Fifty years ago, if you’d opened a business, you would have scouted a prime location — not a building in a back alley known for its high crime rate. But the internet is that back alley, and users are bombarded by attacks every day.

In 2002, I brought up a server and monitored port and socket traffic. Even a decade ago, the instant it was connected, it was under siege by malicious bots searching for vulnerabilities. That issue has just grown exponentially over the last 10 years. Any resource online is a rich target that needs to be protected. It’s your responsibility to ensure that your environment is safe by constantly monitoring, tracking, signing, and analyzing your data and computer nodes. Taking an all-encompassing approach allows your business to build a secure foundation for your infrastructure and data.

2. You protect your network, but not your data
The latest Apple vulnerability is an example showing that encryption doesn’t always protect what you think it will protect. You need several layers and can’t rely on any single security technology.
This over reliance on encryption, and not on the authority of data itself, means that people can alter data once they’ve gotten access. If you don’t monitor and audit that data, anyone can change it without your knowledge. This can come in several forms:

  • Forging documents or emails as if they were yours
  • Altering binaries and putting Trojans on your network
  • Changing the results of any data platform you may be using for metrics
  • Altering financial data to their own end

Often, you can’t stop these things from happening. But you can know when they are happening and make the choice to react and take steps to protect you and your company.

It’s important to know what you’re up against. The coordination and level of breach Target experienced is not uncommon. If you’re the chief information officer of any Fortune 100 company, people will have eyes on you. The attacks won’t be simple, and the hackers will play the long game, taking however much time is necessary for a financial payout.

It’s also not just about encrypting your data: Make sure that you sign your data to be able to have veracity.

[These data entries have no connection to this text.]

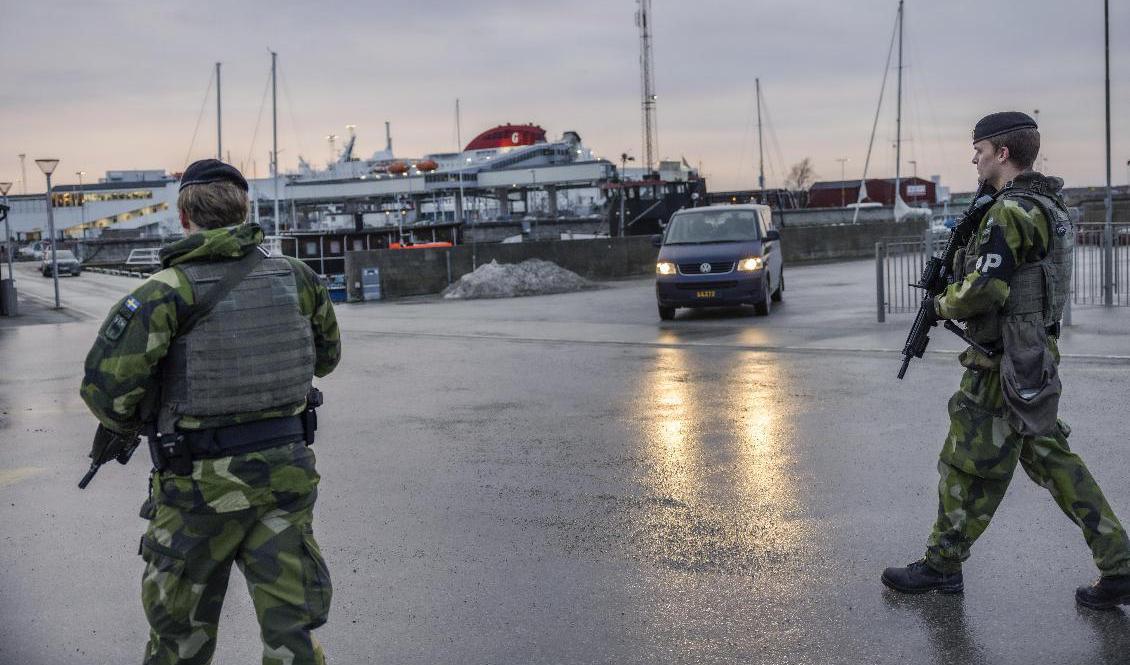 Soldater från Gotlands regemente patrullerar i Visby hamn på torsdagen. Foto: Karl Melander/TT
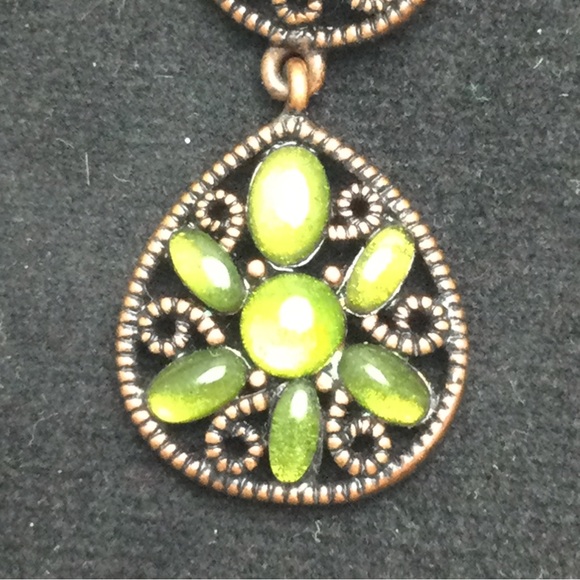 Liz Claiborne Bronze Tone Green Cabachon Filligree Dangle Earrings - Picture 3 of 7
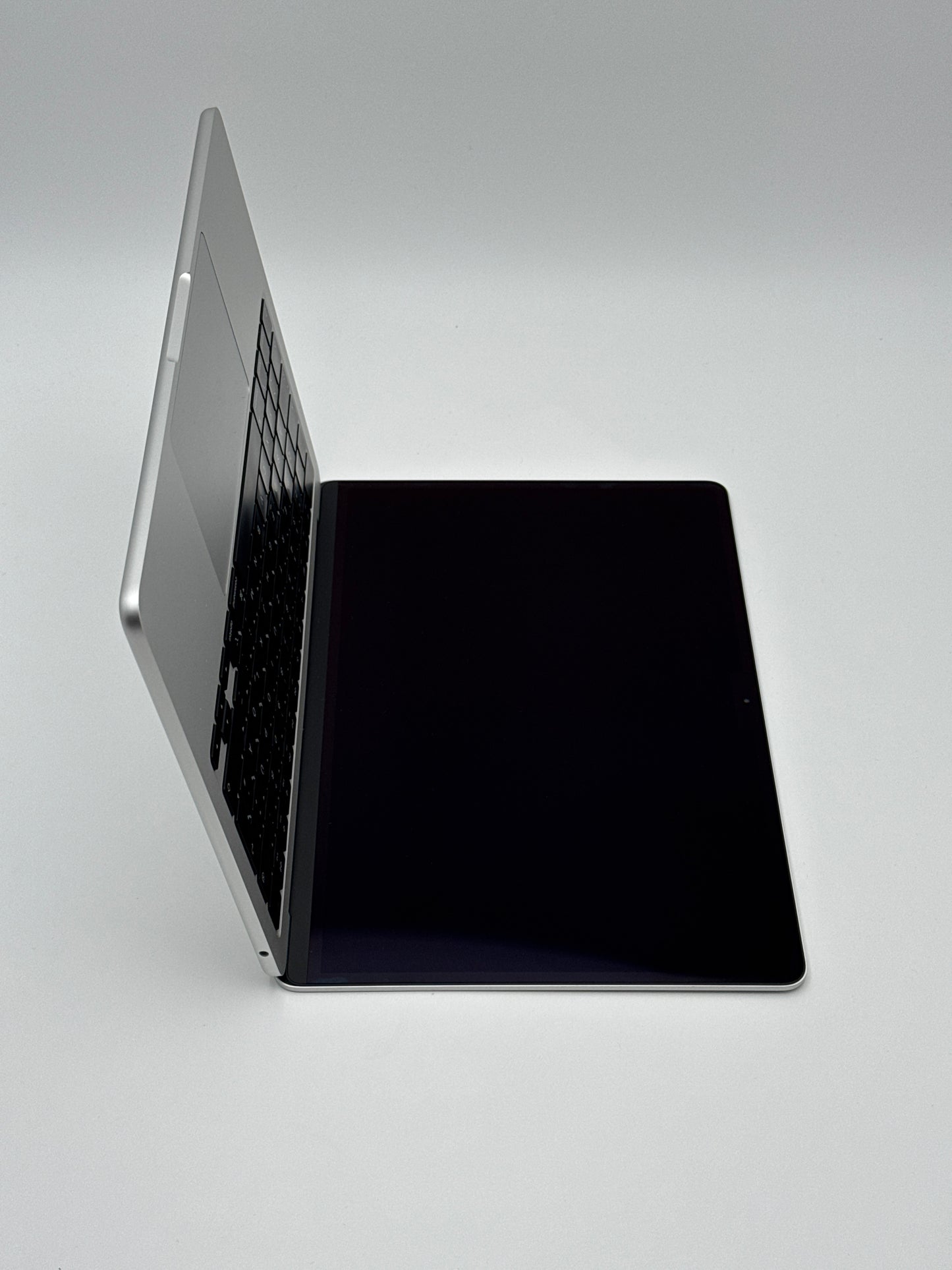 Apple MacBook Air 13,6 Zoll | M2 CPU | 2022 | 256 GB SSD | 8 GB RAM | Silber D&S Resell GbR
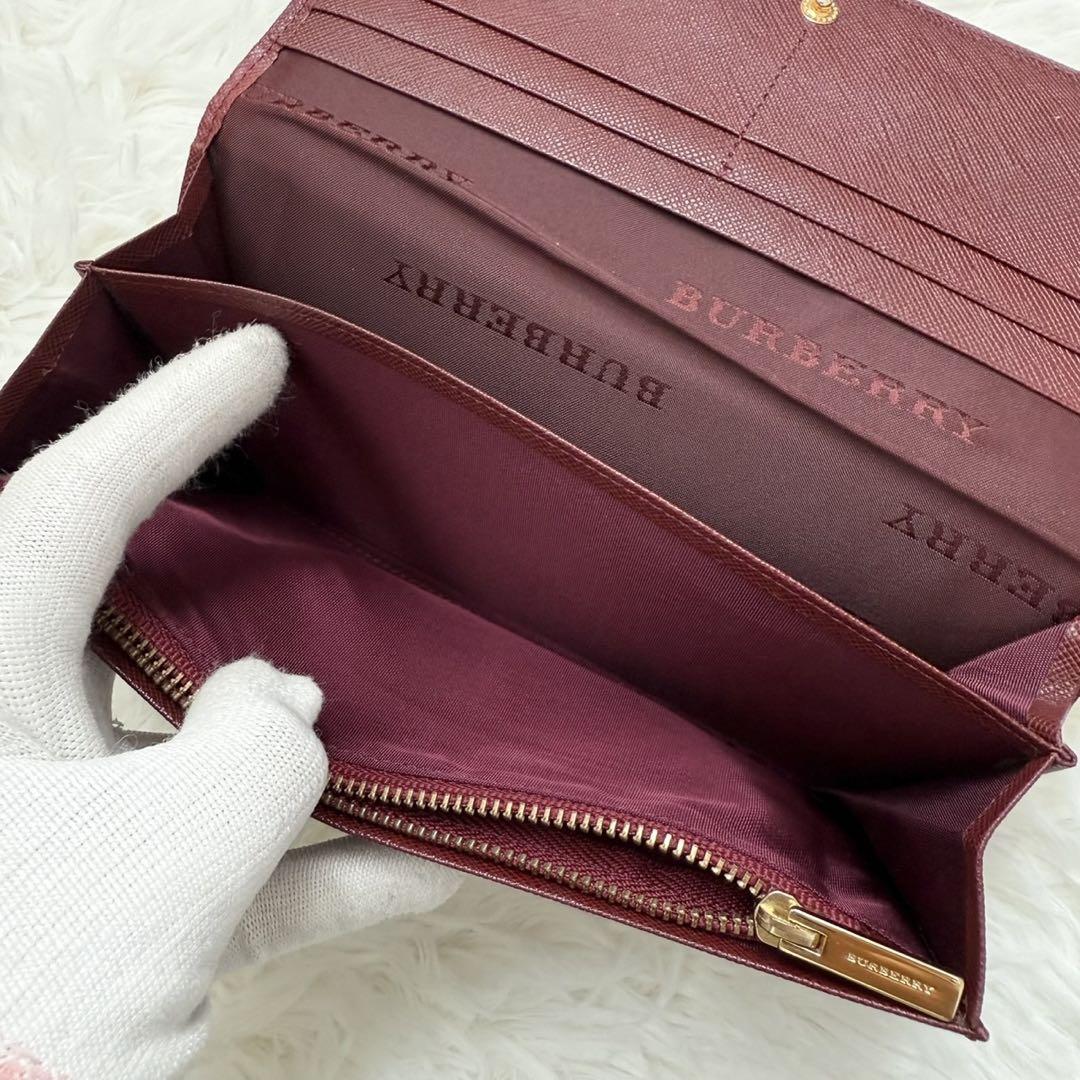 【人気】BURBERRY バーバリー　長財布　ノバチェック　レザー　シャドー　赤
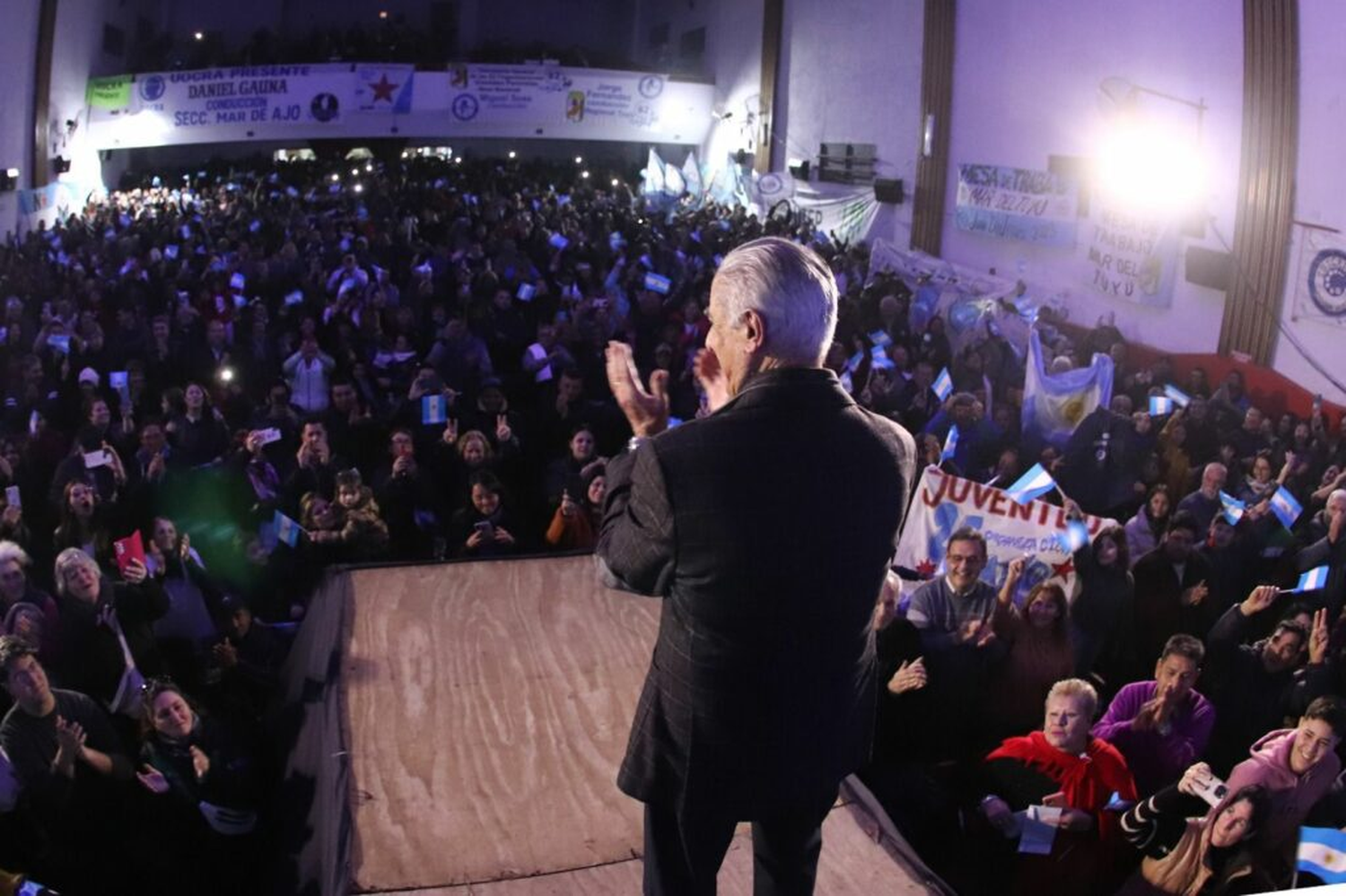 La Costa: “Vamos a hacer un plan de integración regional con General Lavalle”, anunció de Jesús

This includes all your applications, documents, and anything that is material to the business. Follow best practices for user authentication, and update your programs and software. Train and educate your staff, letting everyone know that they’re part of ensuring a safe environment within your company. You never know when attackers will strike, and they will strike where you least expect it.

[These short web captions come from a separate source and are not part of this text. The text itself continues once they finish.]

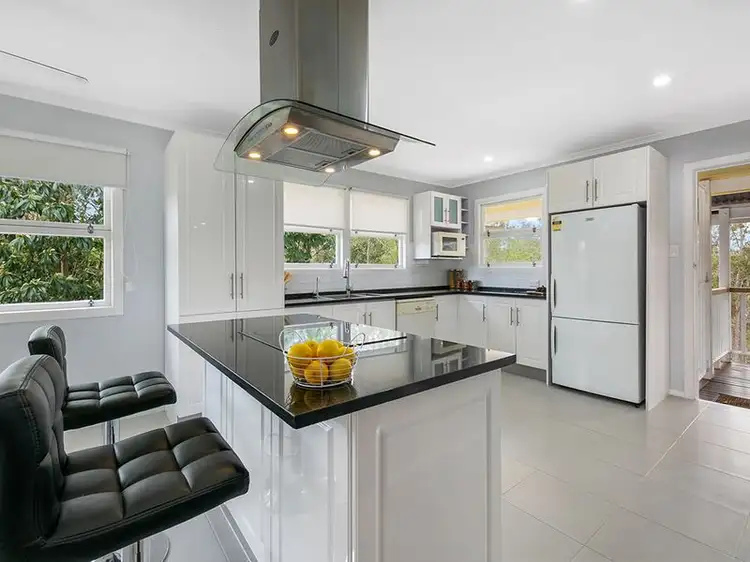2728 Moggill Road, Pinjarra Hills QLD 4069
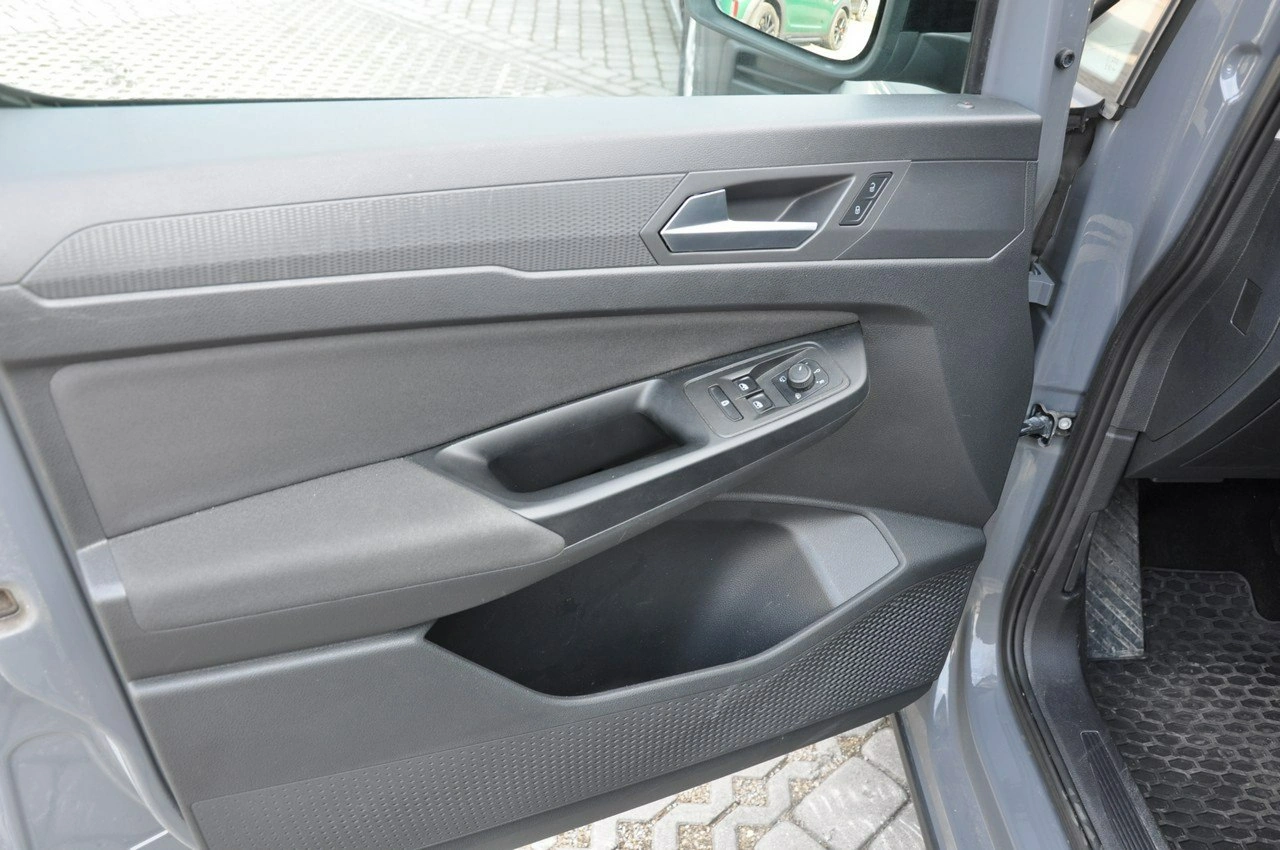 Ford Grand Tourneo Connect - Zdjęcie 8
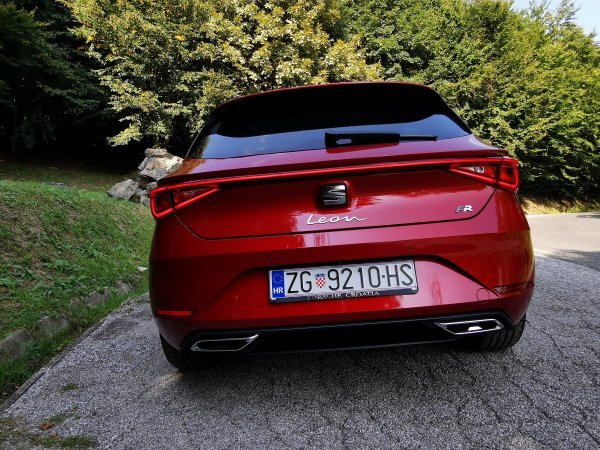 Seat Leon 1.5 EcoTSI 110kW mHEV DSG FR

3. You don’t have a proper continuity plan
It’s not a matter of whether you’ll be attacked, but rather when and how often. Just like a natural disaster, major traffic accident, or war, your business needs a continuity plan in place to respond quickly to cyber attacks. Your reaction time is your second-best security system (remember that monitoring and tracking your connections and data is first), so make sure operations, legal, PR, and everyone else in the business is on the same page and able to smoothly manage the transition from “business as usual” to “Houston, we have a problem.”

Your customers are aware of the data risks, and they expect these types of attacks, so it’s not the breach itself that will cause them to lose trust in you. Rather, it’s your response. If your machines are compromised, it’s better to raise alarms early and be transparent than to be called out later for ignoring, covering up, or even causing a data breach. Remember: It’s much easier for people to change a password than to stay on the phone with their credit card company for hours, disputing fraudulent charges.

Security requires an investment, and the ROI is hard to judge. Perhaps you have an insurance plan through a team of dedicated professionals, or perhaps you’re being hit up for “protection money” by one of Nucky Thompson’s goons on “Boardwalk Empire.” Either way, hackers are a real threat to your data. People want your information, and they’ll be waiting for a lapse in your security. Don’t give them an easy in.

What best practices do you teach your employees to proactively protect your company from cyber attacks?